After the last entry, I couldn't sleep for anything. It sucked because I knew I had to work, and that I wasn't going to be able to sleep after work as I had plans with Wend and had to go with Doug a happy birthday. I ended up calling in, but I got Meg to cover my shift. This turned out to be a very wise decision on my part. Because when I did finally sleep (exhausted, and hungry) it seemed to break me out of whatever shit hole I was falling into. I think if I'd gone things would have been horrible.

Also after the last entry, but before sleep took me, I ordered some Billie Piper cds; some more Trek books, but only because I learned all of these items were out of print, and I didn't want to miss a chance at having them. There are tons of other things that I want, which I'm not buying right and left, because they'll be there a month from now, you know?

I also watched the latest Smallville episode, which was called "Promise". It wasn't a perfect episode, but it was one of those episodes that changes the whole show, and really pays off on things that have been building for years, without the kind of reset button that really annoys me. I don't love this show; I really don't, but I like it a lot. lol

Sleep was filled with odd images. Most of them stemming from that episode of Smallville, mixed in with stuff about my sister Janice, and our childhood, which oddly enough, popped up in conversation with Wendy later.

When Mark got home, he cleaned up a bit, while I shaved and showered. I had helped him check for Bitserve related business earlier, and there didn't seem to be anything dire. Wendy came over around 9pm, and we watched two episodes of Torchwood ("Small Worlds" & "Countrycide"). Wendy continues to amuse me, and we could be really good friends. Too bad she's leaving for Ohio when she graduates in April. She seems interested in staying in touch, and hanging out though, which is cool.

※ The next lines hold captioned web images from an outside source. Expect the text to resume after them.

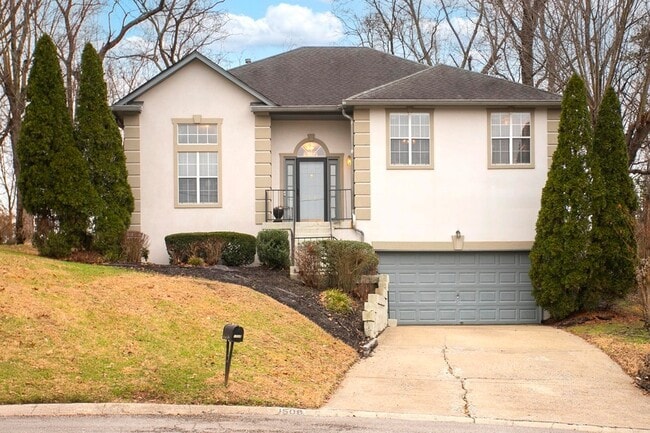 Building Photo - 1508 Clover Ct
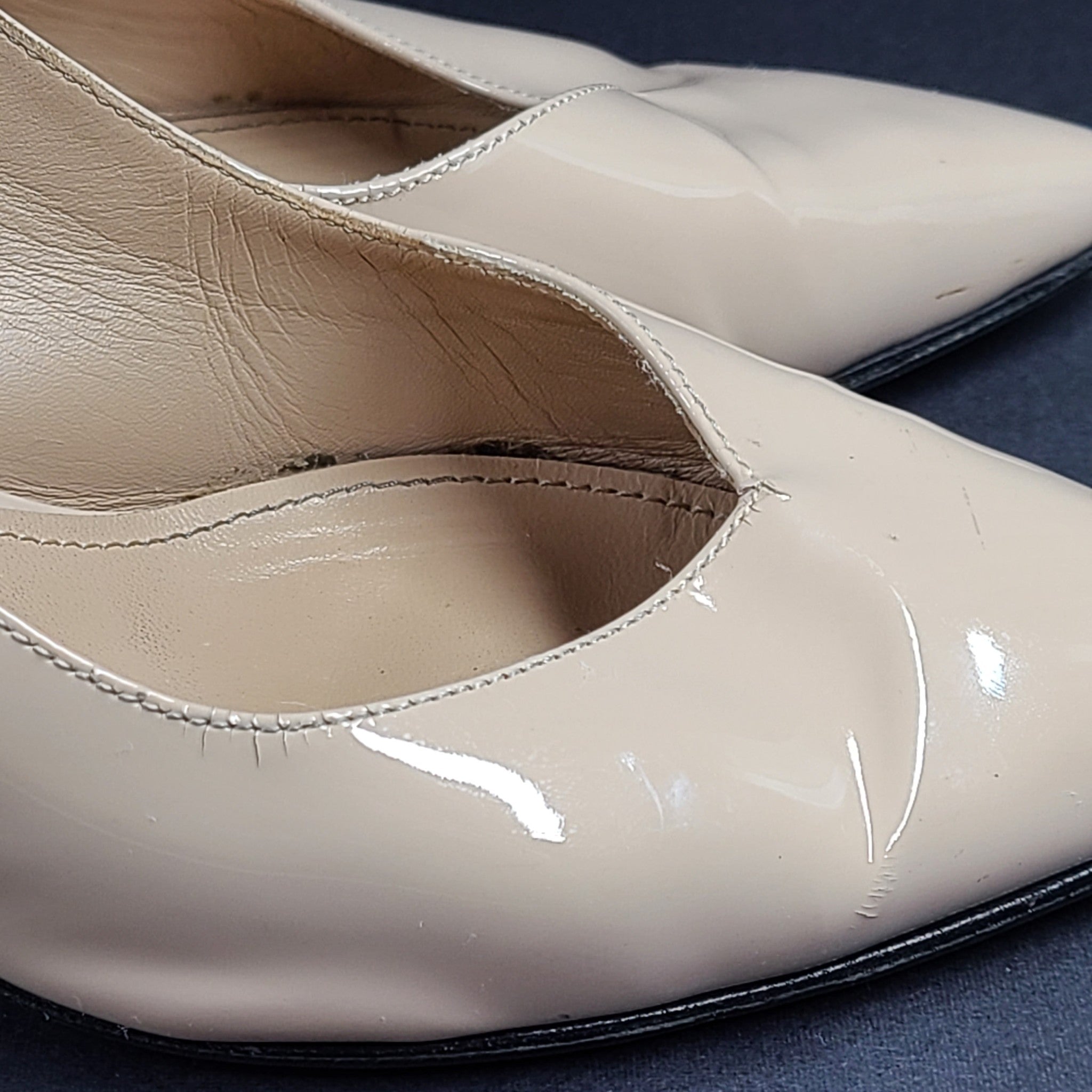 Hugo Boss Hellia Patent Leather Nude Beige Slingback Sandals Pointy Toe Sz 9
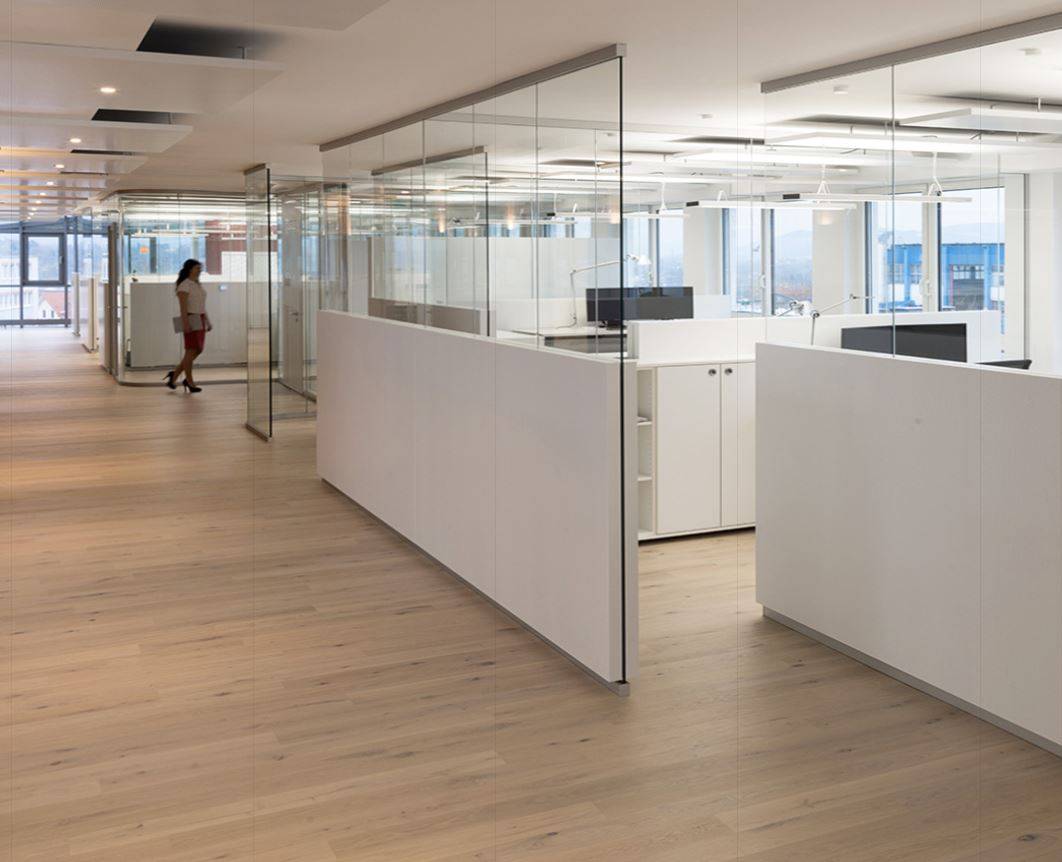 System 7400 - Glazed Partition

We went to Necto after that and I listened to her stories about her mom, their cat, drugs, sex, birth control - it was all fun. I paid for her to get in, as I felt bad that we'd only be there as short time; the girl that works the door that lets me in for free wasn't there; it was $10.00; blah. We found Doug & I wished him happy birthday. He invited me to another party for him at Backstreet tonight, where I could get in for free, but I don't know that I'd enjoy going to Backstreet; especially since I have no clue how to get there.

We left in a hurry, after maybe 10 minutes, as I was starving and wanted pizza from Little Caesars. Wendy started asking questions about my eating, and I gave her the whole sordid story, which seemed to shock her, and I got a sense that she really cared about me, and wanted to help me. It was unexpected, and personal and intimate. The kind of thing that can make or break a friendship, and it made ours stronger. We continued to talk until we got back to the condo where we watched two more episodes of Torchwood ("Greeks Bearing Gifts" & "They Keep Killing Suzie"). Though Wendy was falling asleep at that point. We chatted some more, and agreed we'd take some pictures of us on her next visit, where we plan on finishing off Torchwood; there are only 5 episodes she hasn't seen now. We hugged goodnight, and then she was gone.

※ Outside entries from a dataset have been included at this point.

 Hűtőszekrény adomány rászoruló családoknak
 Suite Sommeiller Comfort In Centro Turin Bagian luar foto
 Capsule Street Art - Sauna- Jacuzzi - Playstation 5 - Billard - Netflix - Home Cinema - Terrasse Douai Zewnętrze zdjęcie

After she left I jumped online, and chatted at gay.com yet again. I met some new people. I talked to others I'd met recently. Eventually Travis Kelley tracked me down, and chatted me up, while I also chatted with Corey on yahoo.messenger. It was a good time. Corey & I might hang out today, but it's just as likely that we won't hang out until next week, when his car is fixed. He owns a cat, and it's a shedder, and I'm allergic. And it would suck to drive out to Troy, drive back to Ann Arbor to hang out (that's 2 hours right there), then drive him back to Troy, and then back home again. It would be a lot simpler for him to drive out here. So, yeah, probably not hanging out today, but we talked about it, and everything is good, which is...well...good. ;-0)

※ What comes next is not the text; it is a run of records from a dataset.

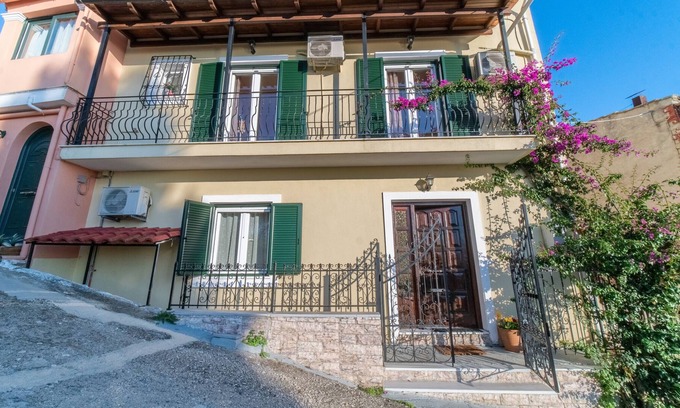 Pelekas House | Holiday Home Nikolas with Sea View, Terrace & Balconies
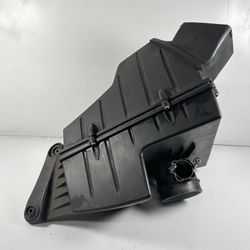 BMW E90 E92 328i N51 N52 AIR FILTER CLEANING HOUSING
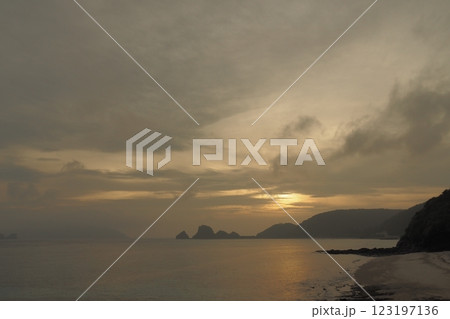 靄に霞む夕景の阿真ビーチ　沖縄の風景 123197136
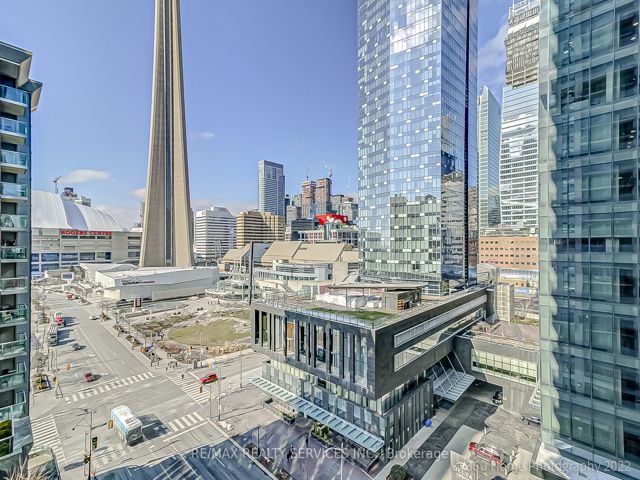 1203 - 30 Grand Trunk Cres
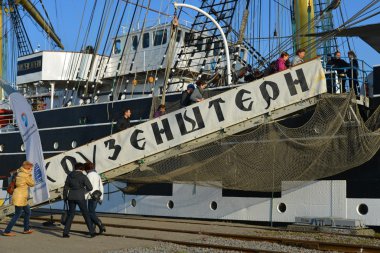 Rus uzun gemi Kruzenshtern, balıkçı limanı. Kaliningrad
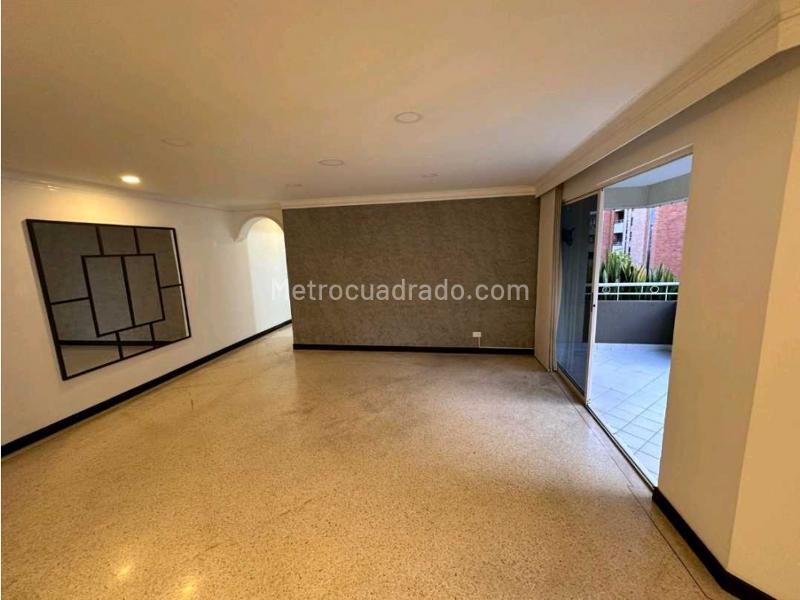 Apartamento Amplio de 4 Alcobas con Amenidades en Laureles - 6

Oh, and I told Corey about my blog, so he's probably going to read this. He seemed to enjoy it.

After all that I was exhausted, but really horny. I jacked off, and showered. And wrote this.

Now that I think about it more...I think I have a bit of a crush on Wendy. Not a crush exactly. But you know how straight guys sometimes have a crush on another guy, and it's not really sexual - it's just...a crush. It's like that. I just want to spend more time with her is all. And she's fun. We argue and laugh, and it's nice to hear someone else talk about missing Mollie. I feel like I whine about missing Mollie to everyone, and it's nice to hear it coming from someone else. I'm really not happy about her moving away so soon after me "losing" Mollie.